Yet again, two young white men have been implicated in mass shootings, this time in El Paso and Dayton. In the El Paso case, federal prosecutors are treating the massacre as domestic terrorism. The racially-motivated shooter could be charged with a federal hate crime.
Media attention rightly has identified the easy availability of guns and online right-wing nationalist recruitment as contributory factors in the tragedies. Calls for stricter background checks for gun purchases certainly are part of the response. But there is more we can do, and it does not require new law.
“If you see something, say something” is the well-known catchphrase disseminated by the Department of Homeland Security (DHS) in the wake of the 9/11 World Trade Center and Pentagon attacks. In an effort to thwart further mayhem on American soil, citizens and members of vulnerable communities were deputized to share with law enforcement information about potentially troubled or dangerous individuals.
The problem for those who considered stepping forward were the legal consequences to them, and more importantly to their potentially violent loved ones. It is a paradox that has led many Americans with valuable information to remain silent.
Consider the case of 22-year-old Adam Shafi, son of a Silicon Valley executive. After discovering that Adam had a number of flirtations with extremist ideology, his worried father contacted the FBI, trusting that they would derail his son’s plans and reward the family’s cooperation.
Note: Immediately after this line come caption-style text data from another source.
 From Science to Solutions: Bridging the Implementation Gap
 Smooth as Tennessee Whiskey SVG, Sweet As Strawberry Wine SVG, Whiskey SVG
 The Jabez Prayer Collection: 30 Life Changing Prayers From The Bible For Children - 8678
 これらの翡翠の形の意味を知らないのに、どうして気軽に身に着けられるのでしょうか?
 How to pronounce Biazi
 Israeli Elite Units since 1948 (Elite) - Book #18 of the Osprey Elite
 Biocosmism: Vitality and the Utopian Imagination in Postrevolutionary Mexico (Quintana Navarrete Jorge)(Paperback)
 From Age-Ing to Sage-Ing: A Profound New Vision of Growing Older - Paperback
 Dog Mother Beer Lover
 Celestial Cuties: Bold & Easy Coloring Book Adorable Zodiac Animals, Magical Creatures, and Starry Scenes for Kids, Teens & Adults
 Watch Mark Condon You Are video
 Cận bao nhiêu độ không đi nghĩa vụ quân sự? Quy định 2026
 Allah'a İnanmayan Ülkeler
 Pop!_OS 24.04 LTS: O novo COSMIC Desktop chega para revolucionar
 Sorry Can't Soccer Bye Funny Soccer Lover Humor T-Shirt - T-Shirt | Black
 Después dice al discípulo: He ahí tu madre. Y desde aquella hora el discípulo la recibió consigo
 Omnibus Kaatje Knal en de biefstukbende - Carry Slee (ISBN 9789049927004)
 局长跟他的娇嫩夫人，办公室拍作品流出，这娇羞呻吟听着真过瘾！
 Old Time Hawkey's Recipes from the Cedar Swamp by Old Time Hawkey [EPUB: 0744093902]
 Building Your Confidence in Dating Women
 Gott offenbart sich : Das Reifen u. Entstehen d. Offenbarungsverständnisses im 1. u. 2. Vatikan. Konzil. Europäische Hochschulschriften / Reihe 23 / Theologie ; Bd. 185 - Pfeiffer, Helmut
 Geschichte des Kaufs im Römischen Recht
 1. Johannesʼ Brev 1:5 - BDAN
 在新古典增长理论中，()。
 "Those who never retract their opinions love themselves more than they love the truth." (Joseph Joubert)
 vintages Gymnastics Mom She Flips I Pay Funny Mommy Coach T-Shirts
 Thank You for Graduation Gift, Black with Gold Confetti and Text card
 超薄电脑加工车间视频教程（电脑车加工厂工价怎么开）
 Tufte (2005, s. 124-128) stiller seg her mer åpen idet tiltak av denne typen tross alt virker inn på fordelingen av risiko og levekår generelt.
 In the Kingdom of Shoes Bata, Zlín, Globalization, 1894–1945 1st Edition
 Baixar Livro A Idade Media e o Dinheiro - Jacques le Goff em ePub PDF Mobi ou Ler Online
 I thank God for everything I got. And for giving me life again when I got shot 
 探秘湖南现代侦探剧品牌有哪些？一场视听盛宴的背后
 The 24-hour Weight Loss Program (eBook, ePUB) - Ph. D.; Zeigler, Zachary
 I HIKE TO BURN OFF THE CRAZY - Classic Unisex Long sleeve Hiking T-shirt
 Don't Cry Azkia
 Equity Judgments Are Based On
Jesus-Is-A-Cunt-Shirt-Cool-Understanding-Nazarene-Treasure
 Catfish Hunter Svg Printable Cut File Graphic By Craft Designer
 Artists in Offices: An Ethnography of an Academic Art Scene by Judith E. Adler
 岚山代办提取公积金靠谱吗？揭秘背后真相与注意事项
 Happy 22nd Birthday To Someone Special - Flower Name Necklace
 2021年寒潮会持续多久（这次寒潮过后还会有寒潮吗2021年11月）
Instead, the elder Mr. Shafi was placed in the nightmarish situation of becoming responsible for his son’s arrest and subsequent incarceration.
Today, the most visible threat on U.S.soil is not ISIS, but far-right extremism. From 2009-2018, according to Anti-Defamation League (ADL) figures, the far right has been responsible for 73 percent of domestic extremist-related fatalities. At least 50 people in the United States were murdered by far-right extremists last year — the largest number since the Oklahoma City bombing in 1995.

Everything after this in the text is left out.